DevOps Linux Cheat Sheet

🗺️ The Mental Model

How to use this: Don't read it top to bottom. Use it as a reference. The debugging flow at the bottom is the most important thing here.

graph TD
    A[🗂️ Filesystem\nWhere things live] --> B[🔐 Permissions\nWho can touch them]
    B --> C[⚙️ Processes\nWhat's running]
    C --> D[🌐 Networking\nHow things talk]
    D --> E[📋 Environment\nWhat config they use]
    E --> F[🔄 Services\nProduction control]
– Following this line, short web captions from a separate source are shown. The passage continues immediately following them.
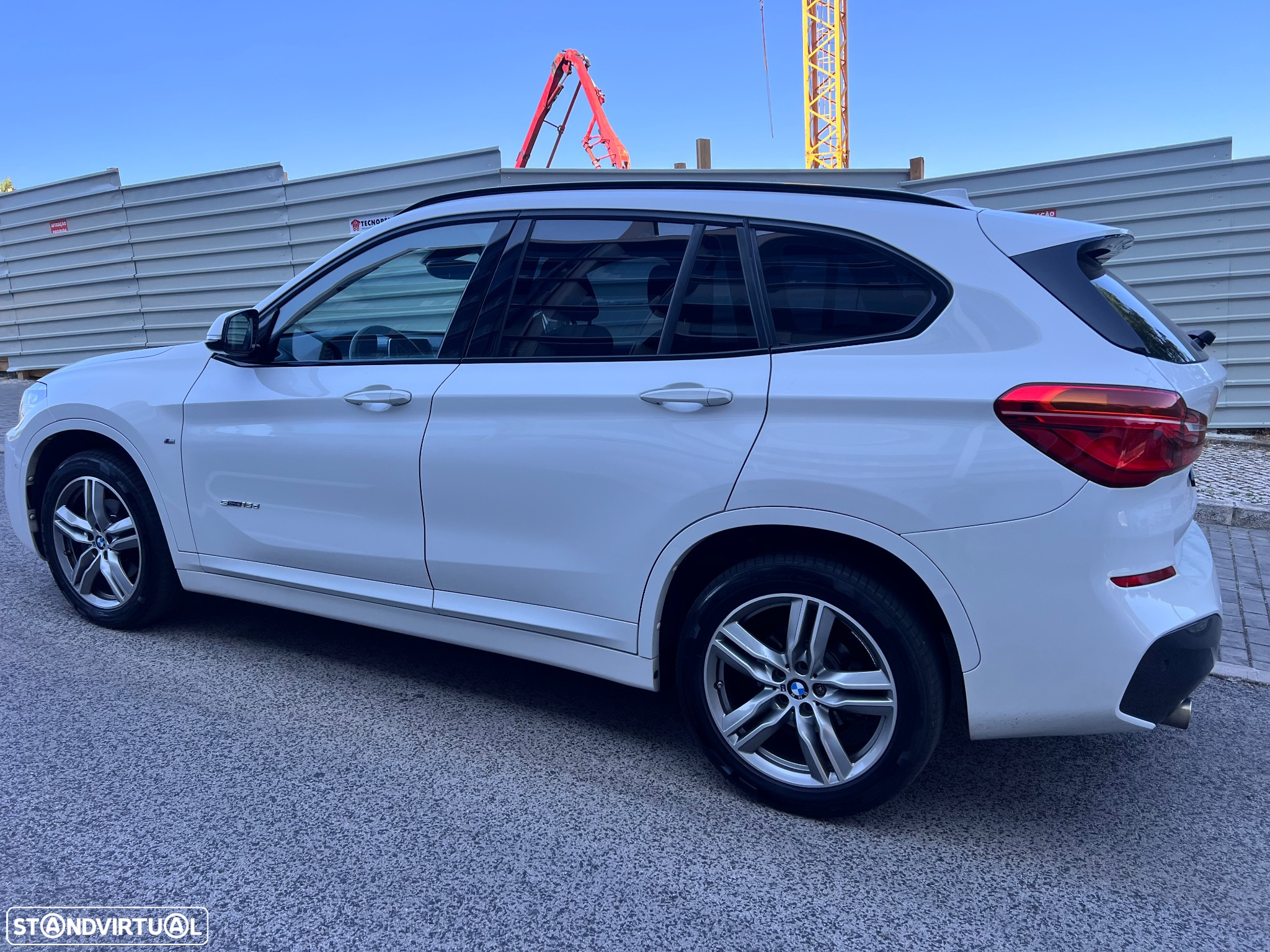 BMW X1 18 d sDrive Auto Pack M - 12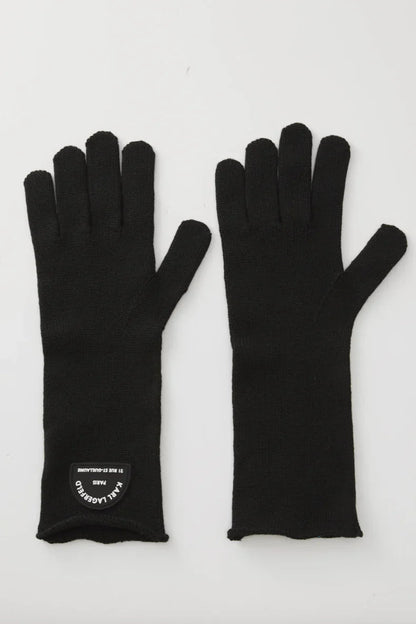 Sorte fingerhandsker med mærke "KARL LAGERFELD PARIS 21 RUE ST-GUILLAUME" på venstre handske.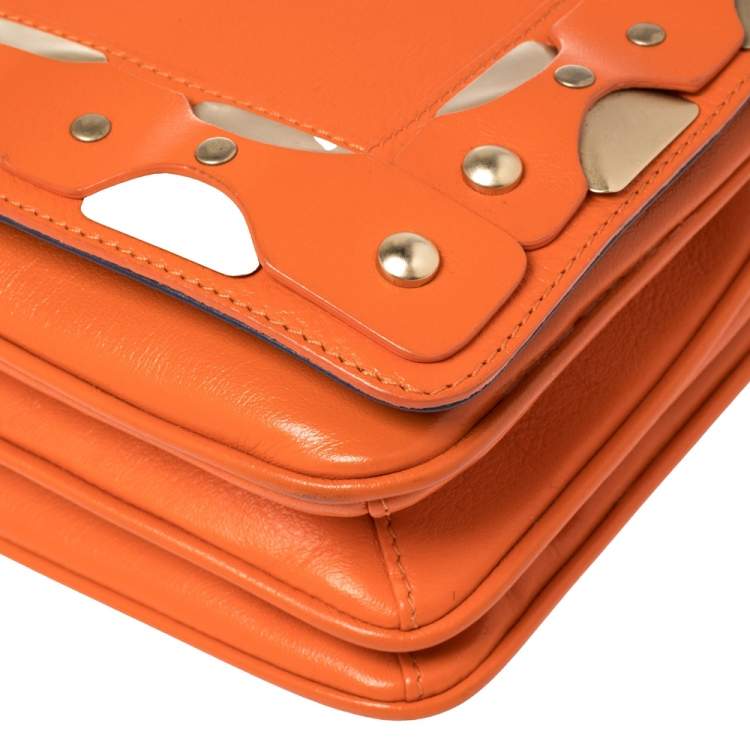 مملوكة مسبقًا Versace Orange Leather Studded Flap Shoulder Bag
    style A fill:#1e3a5f,color:#fff
    style B fill:#1e3a5f,color:#fff
    style C fill:#1e3a5f,color:#fff
    style D fill:#1e3a5f,color:#fff
    style E fill:#1e3a5f,color:#fff
    style F fill:#1e3a5f,color:#fff

📁 1. Filesystem + Permissions

Permission Model

 rwx  r-x  r--
 │    │    └── others (world)
 │    └─────── group
 └──────────── user (owner)

Octal	Binary	Meaning
`7`	`111`	`rwx`
`6`	`110`	`rw-`
`5`	`101`	`r-x`
`4`	`100`	`r--`
`0`	`000`	`---`

Core Commands

ls -lah               # list with permissions, human sizes, hidden files
chmod 755 file        # rwxr-xr-x
chmod -R 750 /app     # recursive
chown user:group file
chown -R appuser:app /app

Key Rules

Directory vs File

Files need r to read, w to write

Directories need x to enter (cd into)

Access requires permissions on every parent directory

# Typical production pattern
chown -R appuser:app /app
chmod -R 750 /app        # owner=rwx, group=r-x, others=none

Other Permission Tools

groups                    # what groups your user is in
umask                     # view default permission mask
umask 022                 # new files = 644, dirs = 755
chmod g+s /shared-dir     # setgid: new files inherit group

Never do chmod 777 You've just removed all security. Every user, every process can read, write, and execute. This is always wrong in production.

⚙️ 2. Processes

Process States

graph TD
    A[Created] --> B[Running]
    B --> C[Terminated]
    B --> D[Sleeping]
    D -->|bad signal handling| E[Zombie]

    style C fill:#2d5a27,color:#fff
    style E fill:#5a2727,color:#fff

View Processes

ps aux                    # all processes, full detail
ps aux | grep appname     # filter for specific app
top                       # live view, press q to quit
htop                      # better top (if installed)

Kill Processes

kill PID          # SIGTERM (15) — graceful, app can clean up
kill -9 PID       # SIGKILL — force kill, no cleanup
killall appname   # kill by name

Signal Reference

Signal	Number	Meaning
`SIGTERM`	15	Graceful stop — try this first
`SIGKILL`	9	Force kill — no cleanup
`SIGINT`	2	Ctrl+C
`SIGHUP`	1	Reload config (nginx, etc.)

Background Jobs

sleep 100 &       # run in background
jobs              # list background jobs
fg                # bring last job to foreground
fg %2             # bring job #2 to foreground
bg                # resume stopped job in background
nohup python app.py &   # survive terminal close (use systemd instead in production)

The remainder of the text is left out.